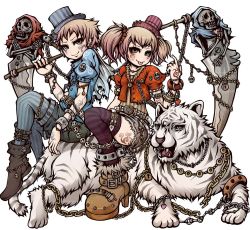 Rule 34 | 1boy, 1girl, :p, belt, bracelet, brother and sister, brown eyes, brown hair, chain, cirque du monster, futago no shinigami adam &amp; eva, hat, heart, jewelry, official art, project.c.k., scythe, short hair, shorts, siblings, sitting, skeleton, skull, striped clothes, striped thighhighs, tattoo, thighhighs, tiger, tongue, tongue out, twins, twintails, white background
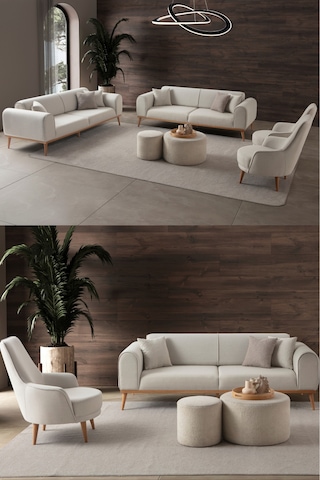 Rebull 3+3+1+1 Koltuk Takımı Bej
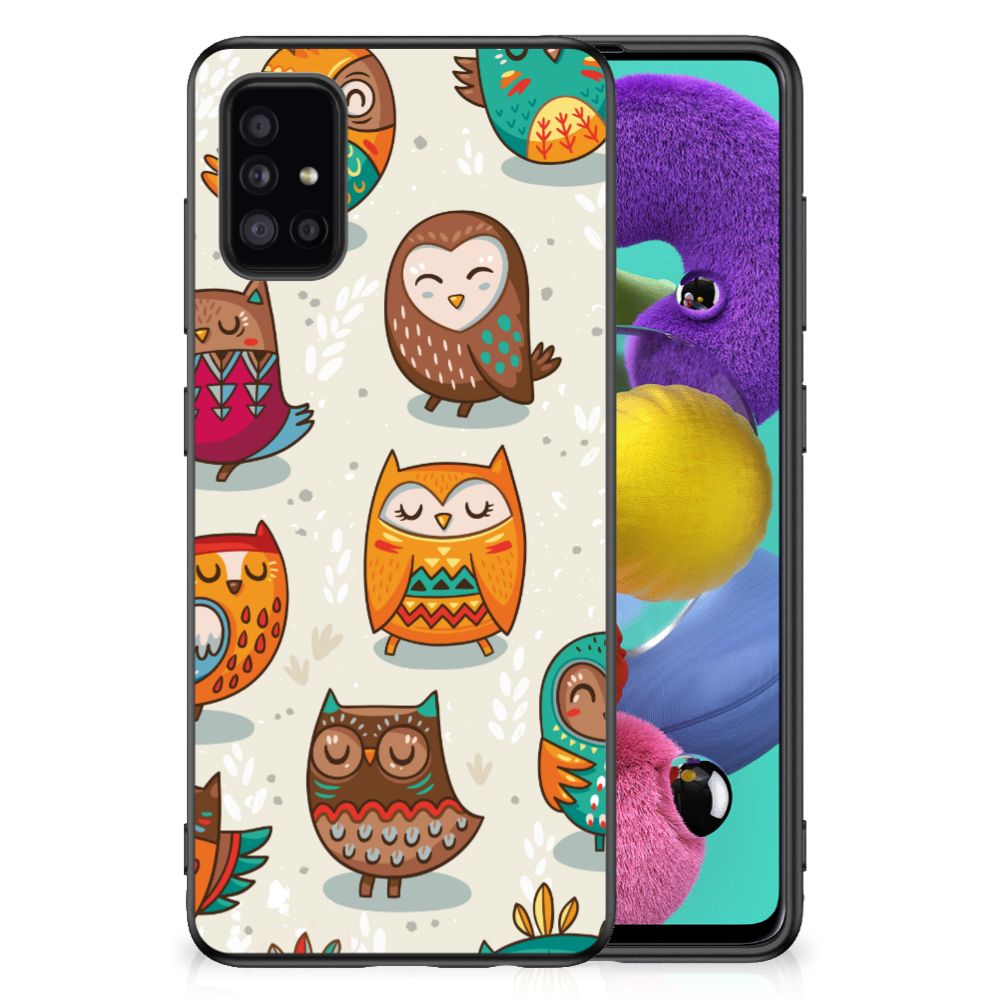 Samsung Galaxy A51 Back Cover Vrolijke Uilen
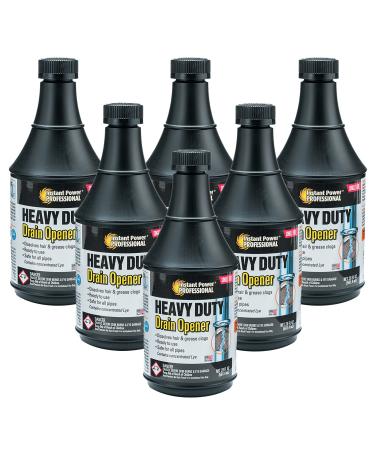 Instant Power Heavy Duty Drain Opener Sink Drain Cleaner Clog Remover Drain Defense for Sinks Made in USA Shower Drain Cleaner and Deodorizer 20 Fl Oz 6 Pack
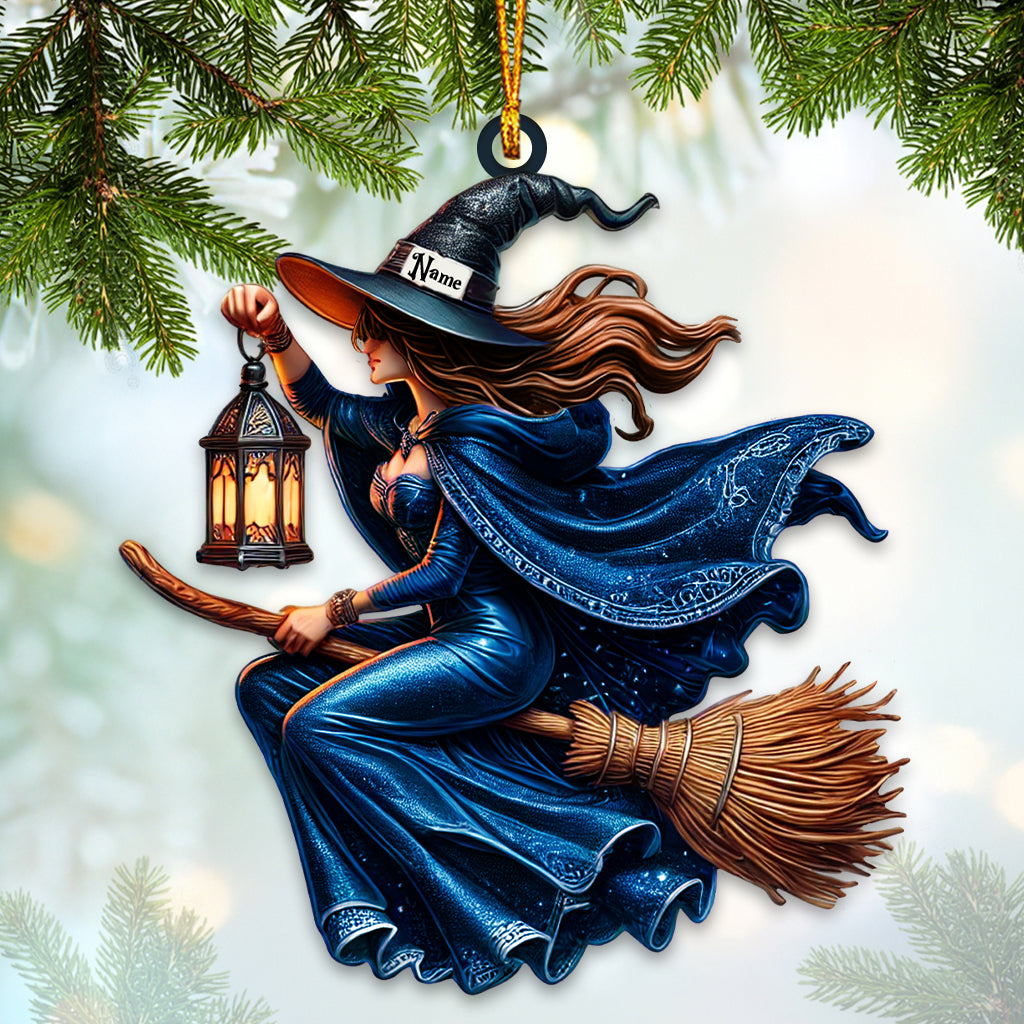 Custom Name Witch Ornament, Happy Halloween Gift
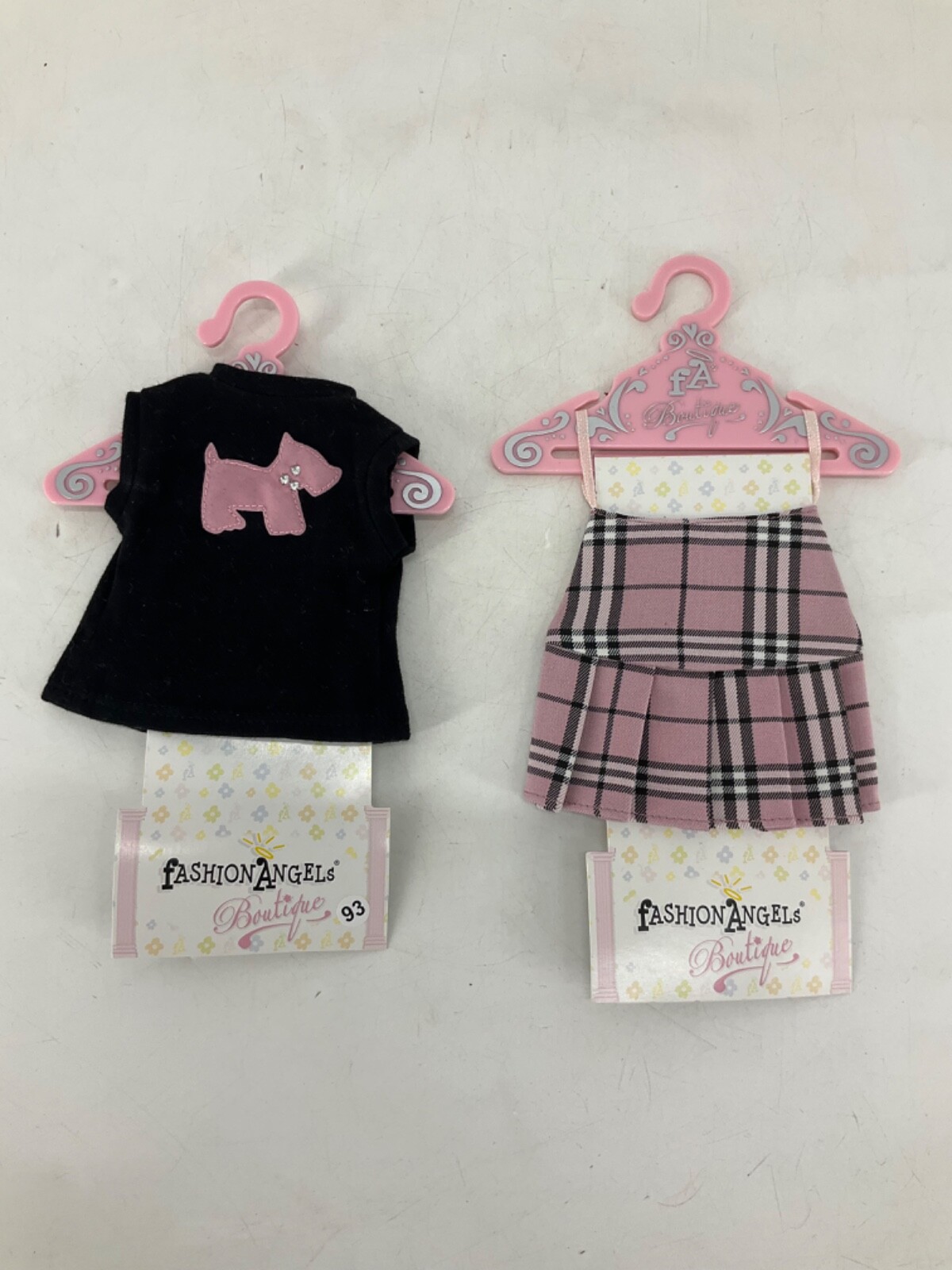 2 PIECES Fashion Angels Boutique Doll Clothes Plaid Skirt & Dog Rhinestone Shirt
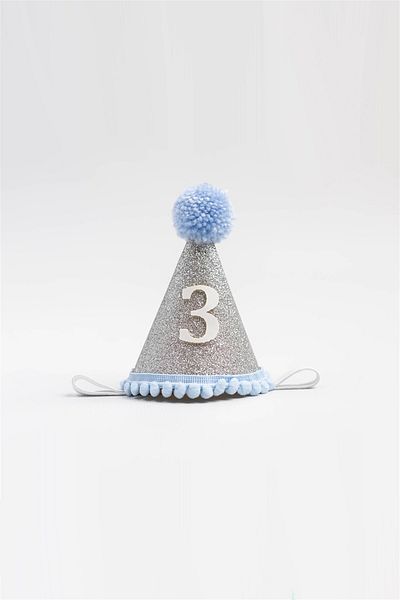 Le Mabelle 3 Year Old Funnel Birthday Crown with Pompom - Blue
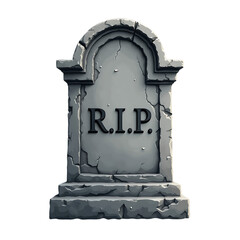 Stylized r i p gravestone with cracked stone texture isolated on transparent background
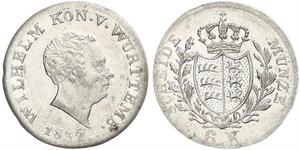 6 Kreuzer Kingdom of Württemberg (1806-1918) Silver William I of Württemberg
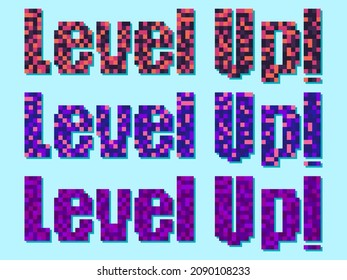Level up! pixel art. Achievement in the game, leveling up. Text in 8-bit retro video game style from 80s - 90s. Design for printing, wrapping paper and advertising. Vector illustration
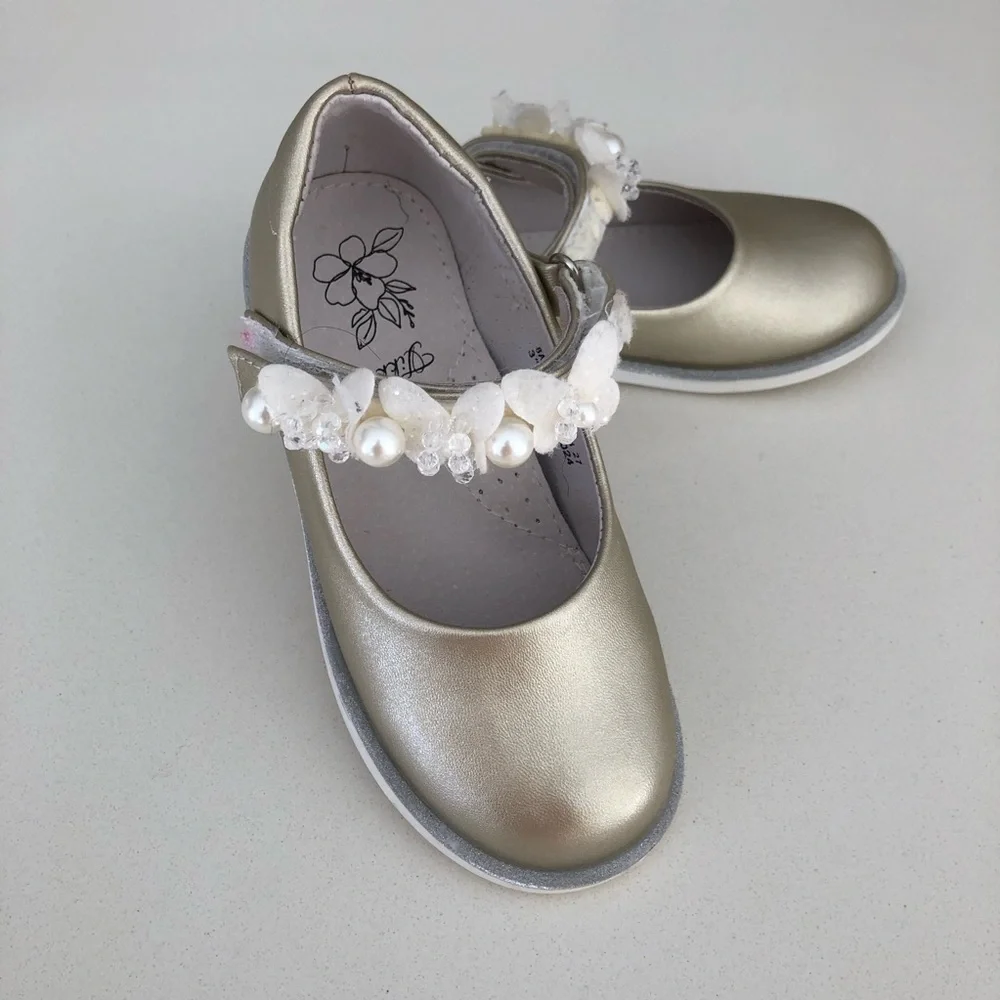 TikkaGo Gold Leather Mary Jane Dressy Pearl Shoes Toddler Girl Sz 10 NEW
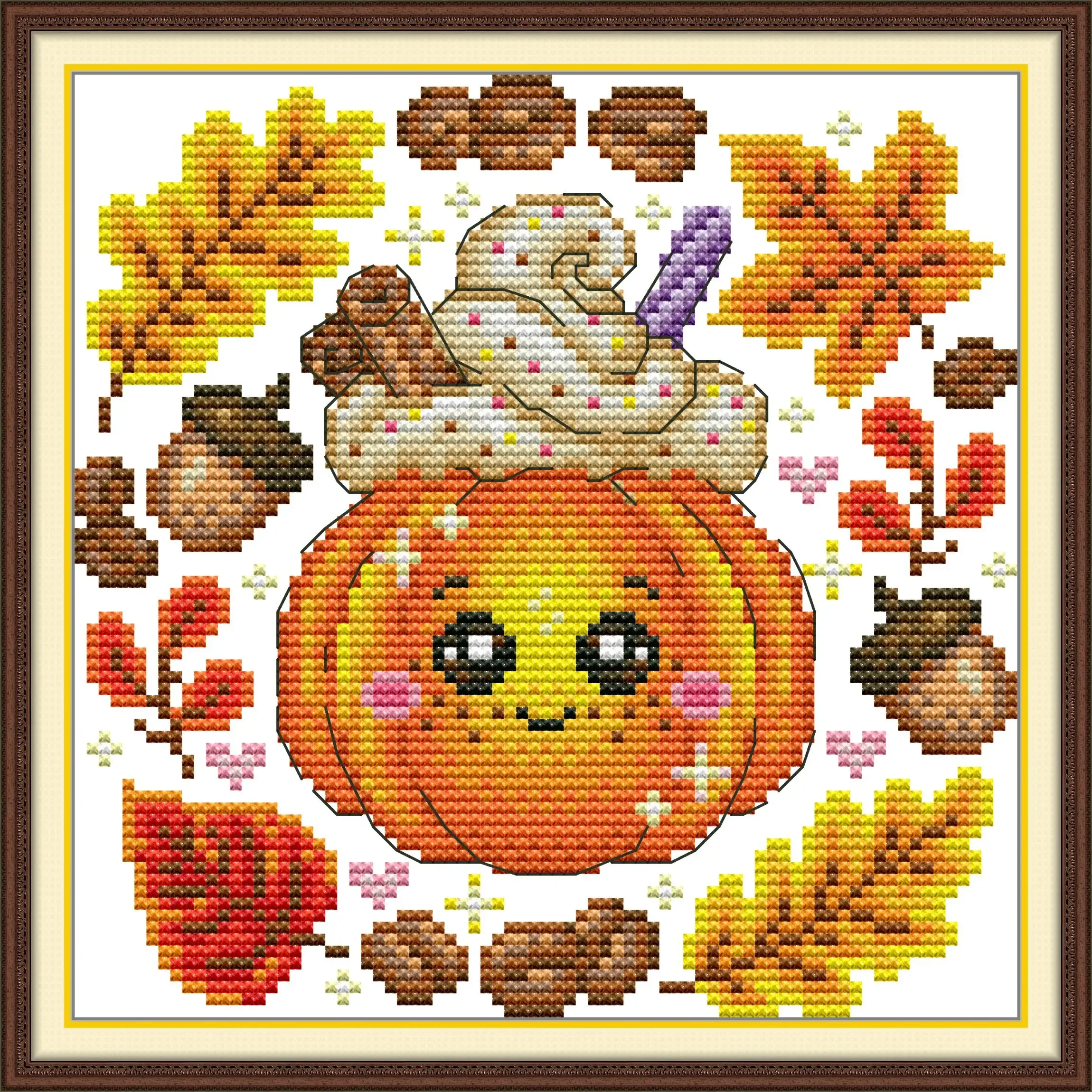 Joy Sunday Pre-printed Cross Stitch Kit  Easy Pattern Aida  Stamped Fabric Embroidery Set-Pumpkin Dessert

Task description
Working from the records above, set down word for word everything from the line containing "Samsung Galaxy A51 Back Cover Vrolijke Uilen" down to the line containing "Stylized r i", ends included, minus the pictures.

Answer section
 Samsung Galaxy A51 Back Cover Vrolijke Uilen
 Instant Power Heavy Duty Drain Opener Sink Drain Cleaner Clog Remover Drain Defense for Sinks Made in USA Shower Drain Cleaner and Deodorizer 20 Fl Oz 6 Pack
 Custom Name Witch Ornament, Happy Halloween Gift
 2 PIECES Fashion Angels Boutique Doll Clothes Plaid Skirt & Dog Rhinestone Shirt
 Le Mabelle 3 Year Old Funnel Birthday Crown with Pompom - Blue
 Stylized r i p gravestone with cracked stone texture isolated on transparent background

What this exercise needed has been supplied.